(Data excerpts)
╭──

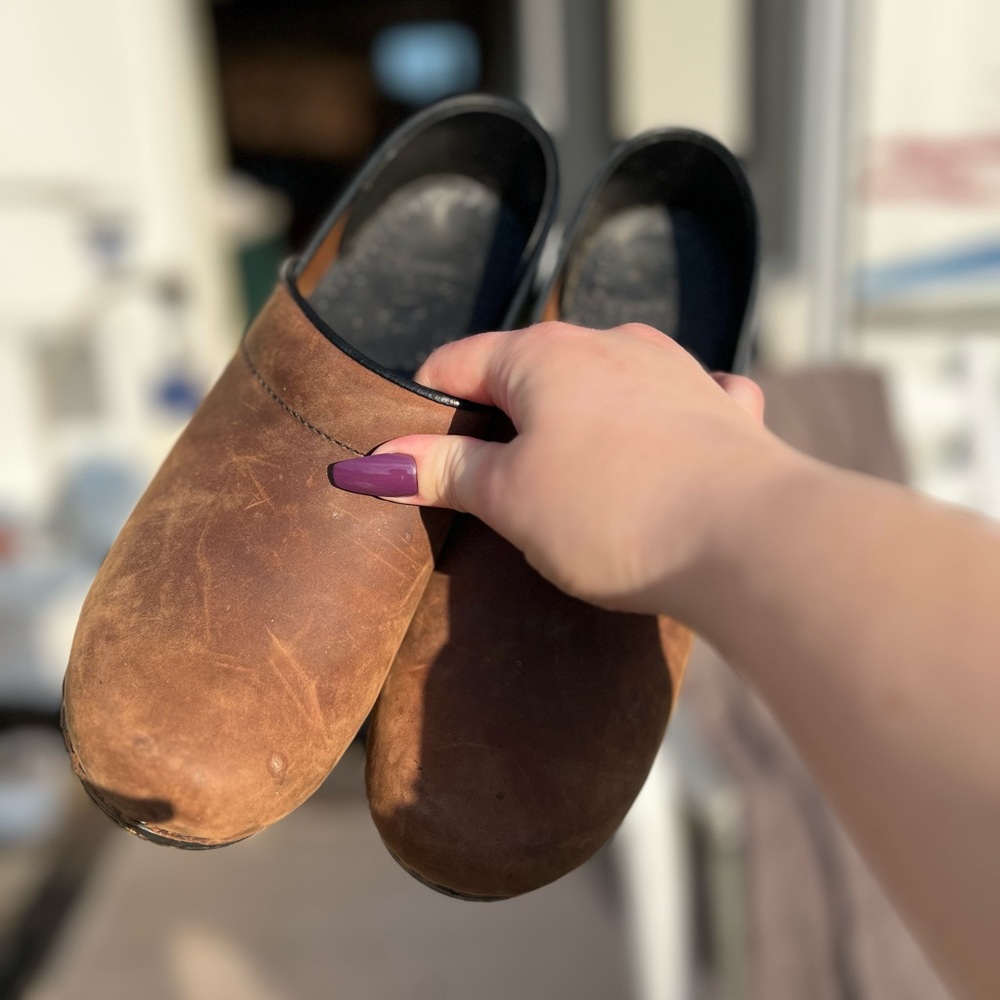Dansko slides size w8.5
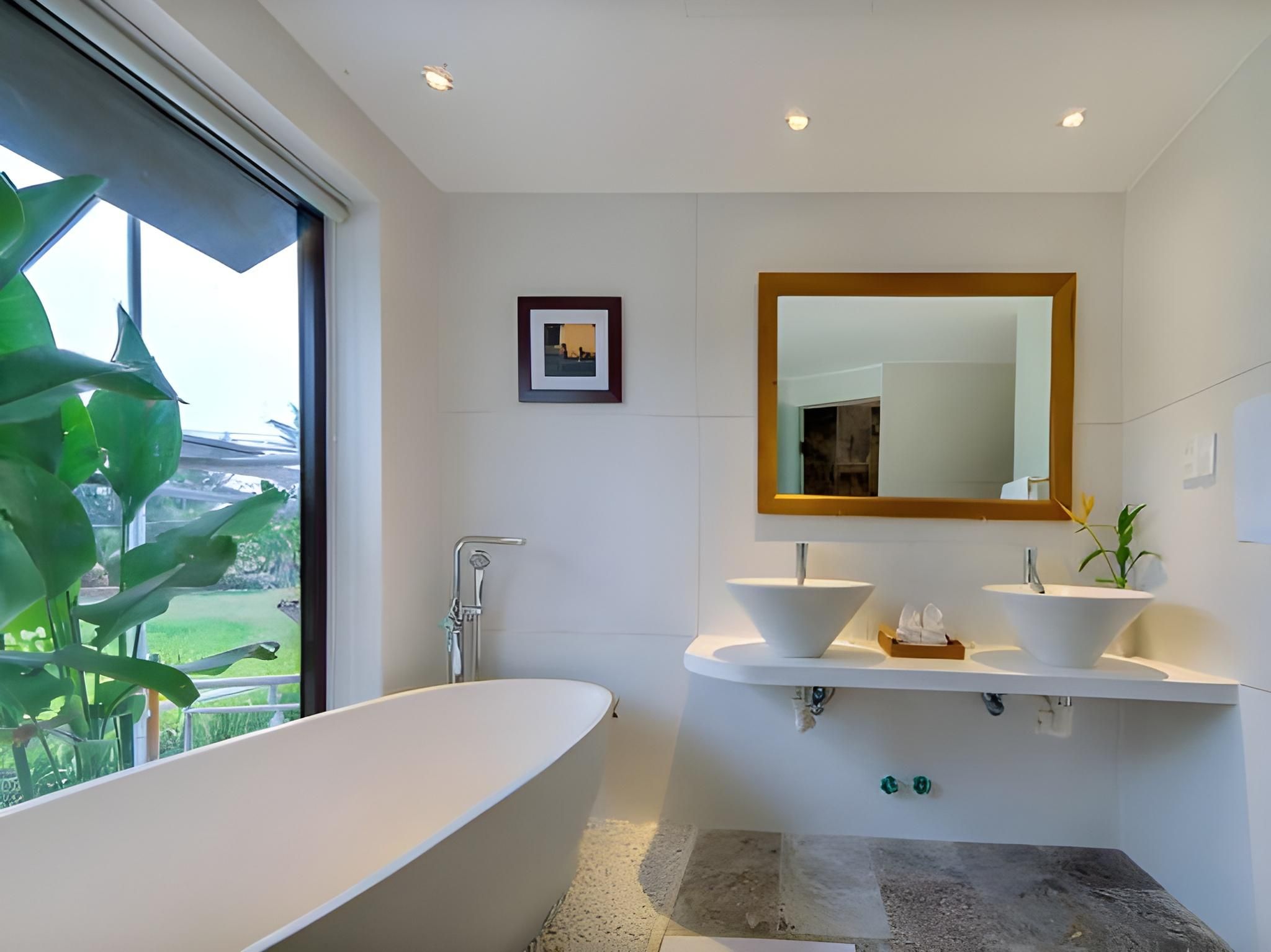 undefined Lantern Boutique Hoi An 10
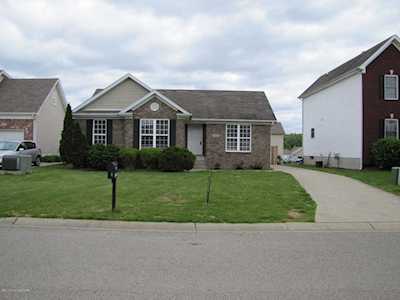9305 Pinto Ct Louisville, KY 40118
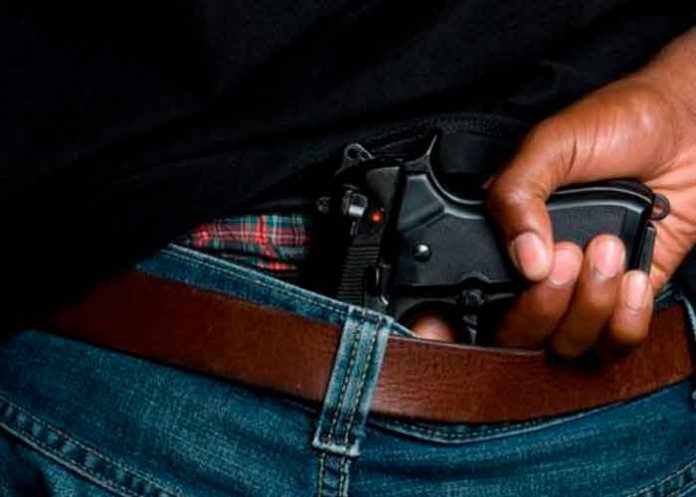 brasil1 ¡Se escapa de la muerte! Un menor intenta matar a su profesor en Brasil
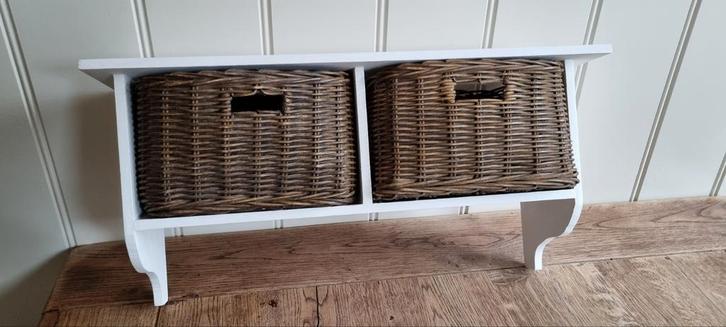 Laaks Brocante, gepimpt wit wandschapje, Huis en Inrichting, Woonaccessoires | Wandplanken en Boekenplanken, Zo goed als nieuw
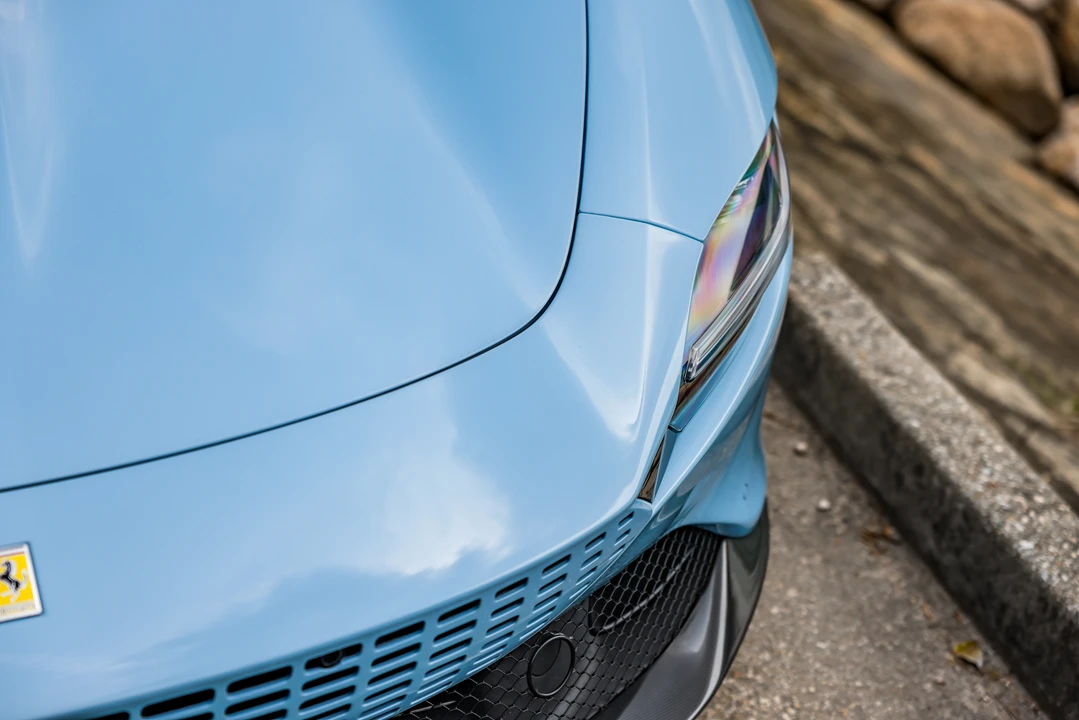 2021 Ferrari Roma - Image 21 of 31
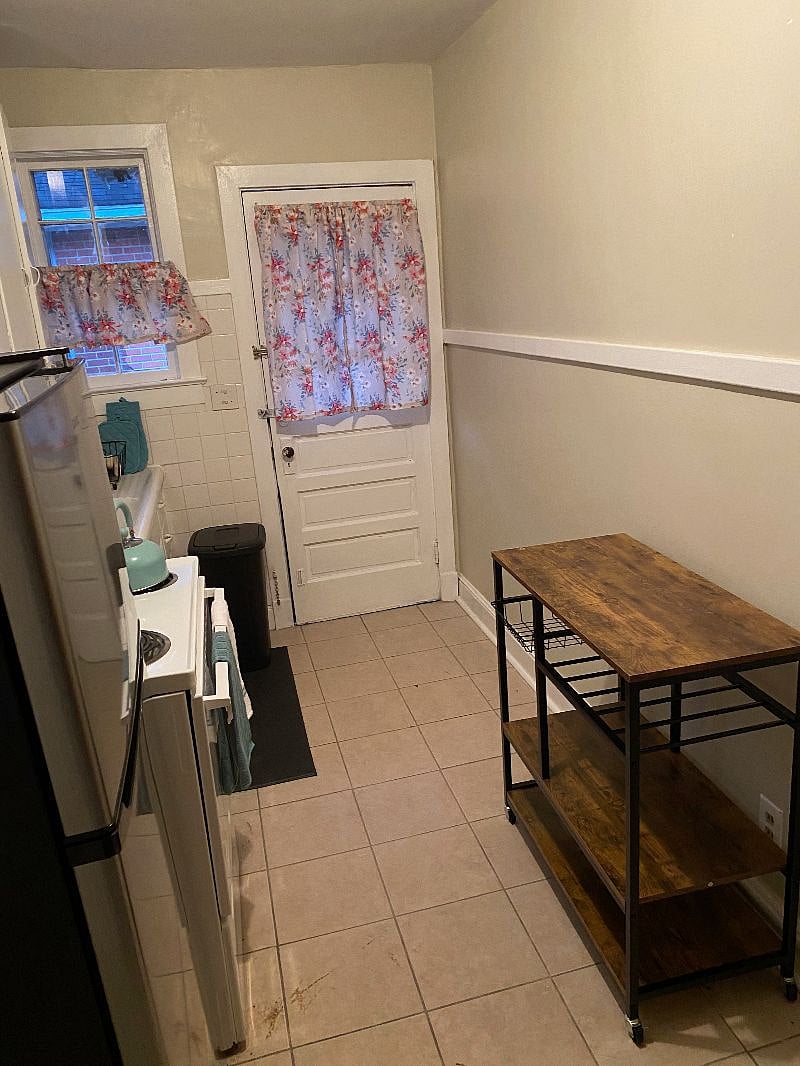 Furnished Finder property 389776_1 photo 3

╰──

__Exercise__: Output the data above in full. Skip every picture.

__Task result__:
Dansko slides size w8.5
 undefined Lantern Boutique Hoi An 10
9305 Pinto Ct Louisville, KY 40118
 brasil1 ¡Se escapa de la muerte! Un menor intenta matar a su profesor en Brasil
 Laaks Brocante, gepimpt wit wandschapje, Huis en Inrichting, Woonaccessoires | Wandplanken en Boekenplanken, Zo goed als nieuw
 2021 Ferrari Roma - Image 21 of 31
 Furnished Finder property 389776_1 photo 3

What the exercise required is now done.